PROVIDED DATA
· · · · · · ·
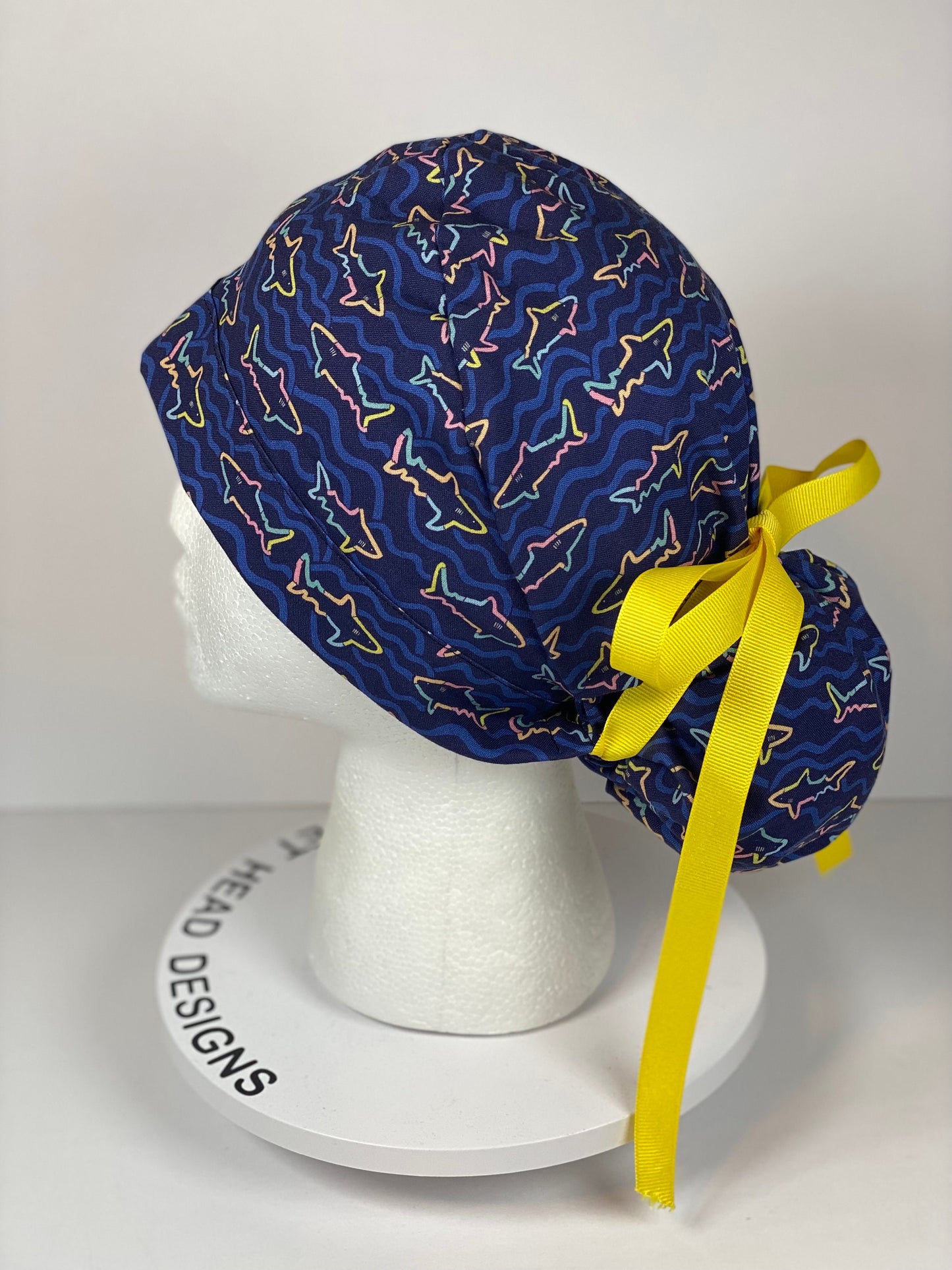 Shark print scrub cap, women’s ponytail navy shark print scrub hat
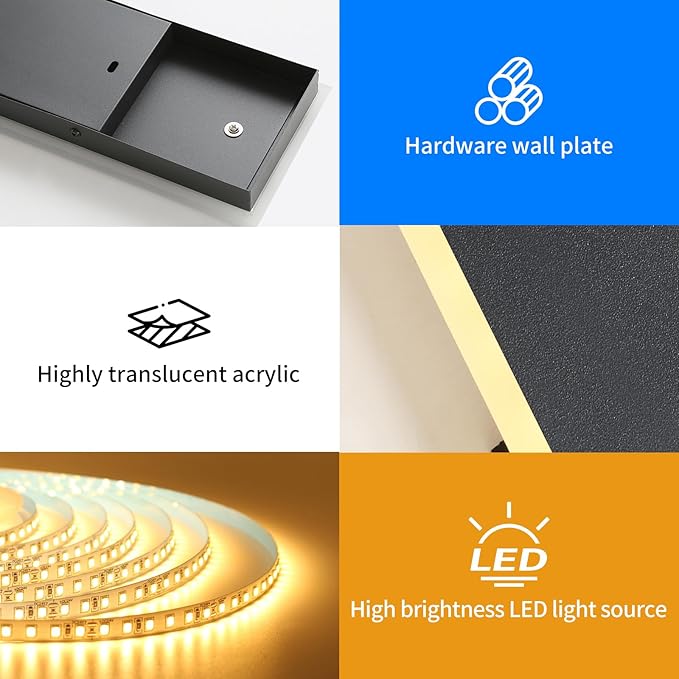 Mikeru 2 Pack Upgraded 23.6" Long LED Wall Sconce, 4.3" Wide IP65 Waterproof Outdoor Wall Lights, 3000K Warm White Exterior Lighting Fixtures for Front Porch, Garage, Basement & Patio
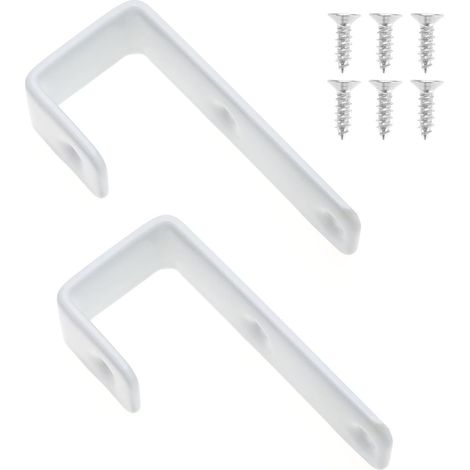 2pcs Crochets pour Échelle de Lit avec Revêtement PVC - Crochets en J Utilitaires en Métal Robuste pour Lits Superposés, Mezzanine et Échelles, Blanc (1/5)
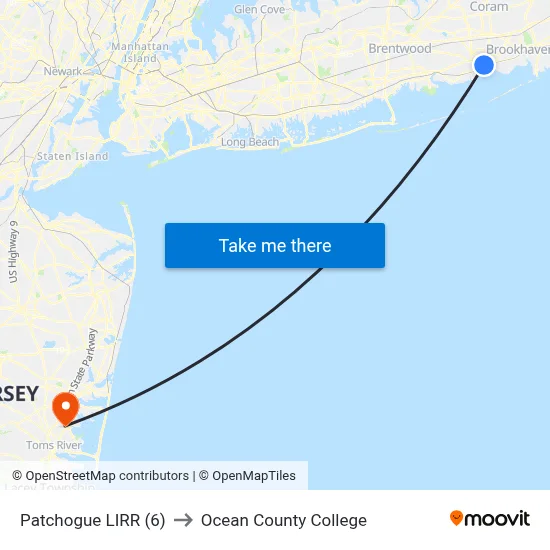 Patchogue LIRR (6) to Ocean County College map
· · · · · · ·
TASK INSTRUCTIONS
A word-for-word copy of the lines from the start of the listing through the line containing "2pcs Crochets pour" is the answer. Pictures stay out of it.

SOLUTION TO THIS TASK
 Shark print scrub cap, women’s ponytail navy shark print scrub hat
 Mikeru 2 Pack Upgraded 23.6" Long LED Wall Sconce, 4.3" Wide IP65 Waterproof Outdoor Wall Lights, 3000K Warm White Exterior Lighting Fixtures for Front Porch, Garage, Basement & Patio
 2pcs Crochets pour Échelle de Lit avec Revêtement PVC - Crochets en J Utilitaires en Métal Robuste pour Lits Superposés, Mezzanine et Échelles, Blanc (1/5)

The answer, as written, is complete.